WASHINGTON (JTA) — Egypt’s foreign minister dampened speculation that the country’s peace treaty with Israel would be at risk if Israel invaded Rafah, a city on Gaza’s border with Egypt.
In recent days, Israeli officials have said they plan to send ground troops into Rafah as the next stage in their war against Hamas. More than a million Palestinians, the majority of Gaza’s population, have been sheltering in the city.
Over the weekend, the Associated Press quoted two Egyptian officials and a Western diplomat saying that a mass influx of Palestinians into Egypt could endanger the treaty. And on Saturday, Josep Borrell, the European Union foreign policy chief, said an Israeli invasion of Rafah would “lead to an unspeakable humanitarian catastrophe and grave tensions with Egypt.”
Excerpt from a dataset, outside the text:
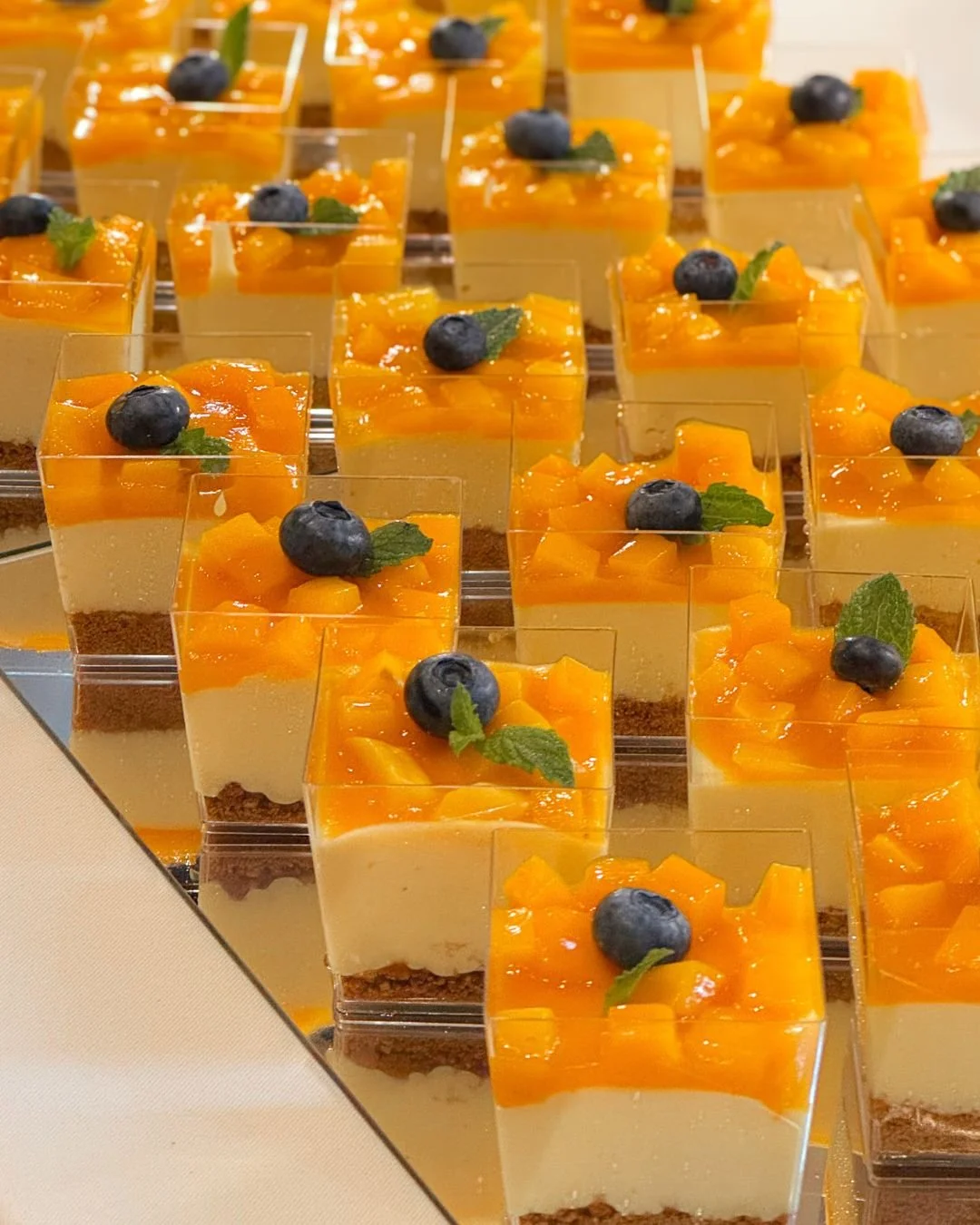 Mango mousse cups topped with fresh mango, blueberries, and mint on WOW Bakery’s wedding dessert table in Calgary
But on Monday, Egyptian Foreign Minister Sameh Shoukry denied the A.P. report and said that Egypt would uphold the its accord with Israel, which the countries signed in 1979.
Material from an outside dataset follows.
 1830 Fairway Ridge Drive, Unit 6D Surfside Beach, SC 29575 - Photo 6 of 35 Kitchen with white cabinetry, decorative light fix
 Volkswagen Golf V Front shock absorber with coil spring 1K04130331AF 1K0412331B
“A peace agreement between Egypt and Israel already exists, which has been in effect for the past forty years, and we will continue it,” Shoukry said at a press conference in Slovenia, where he is on an official visit.
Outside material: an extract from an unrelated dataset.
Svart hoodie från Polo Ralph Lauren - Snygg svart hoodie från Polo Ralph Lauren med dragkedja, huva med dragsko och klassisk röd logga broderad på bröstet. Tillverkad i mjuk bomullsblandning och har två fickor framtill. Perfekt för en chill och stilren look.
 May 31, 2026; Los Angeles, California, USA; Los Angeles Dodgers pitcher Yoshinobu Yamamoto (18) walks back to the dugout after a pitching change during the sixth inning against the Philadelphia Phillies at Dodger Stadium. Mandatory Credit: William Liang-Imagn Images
Israel’s impending invasion of Rafah comes after its military battled Hamas in the population centers of Gaza and Khan Younis. But the city’s high concentration of civilians, most of whom fled there from other parts of the territory, has raised alarms internationally.
“I think you all know more than a million Palestinians are sheltering in and around Rafah,” John Kirby, the National Security Council spokesman, told reporters on Thursday. “I could tell you that — absent any full consideration of protecting civilians at that scale in Gaza — military operations right now would be a disaster for those people, and it’s not something that we would support.”
The following day, Israeli Prime Minister Benjamin Netanyahu said that he was planning a Rafah incursion, but said that he ordered the military to draw up “a combined plan for evacuating the population and destroying the battalions” to submit to the government.
“It is impossible to achieve the goal of the war of eliminating Hamas by leaving four Hamas battalions in Rafah,” his office said in a statement. “On the contrary, it is clear that intense activity in Rafah requires that civilians evacuate the areas of combat.”
On Monday morning, Israel conducted a military operation in Rafah to rescue two Israeli hostages. Israel’s Army Radio reported over the weekend that Egypt has told Israel it would not stand in the way of an Israeli invasion of Rafah if there were no civilian casualties, an unlikely scenario.
Hamas launched the war with an invasion of Israel on Oct. 7 that killed some 1,200 people, mostly civilians, and took some 250 hostage. More than 27,000 Palestinians have been killed in the ensuing war, including thousands of children. Israel says approximately a third of the dead are combatants. International health officials have said the territory is on the verge of famine.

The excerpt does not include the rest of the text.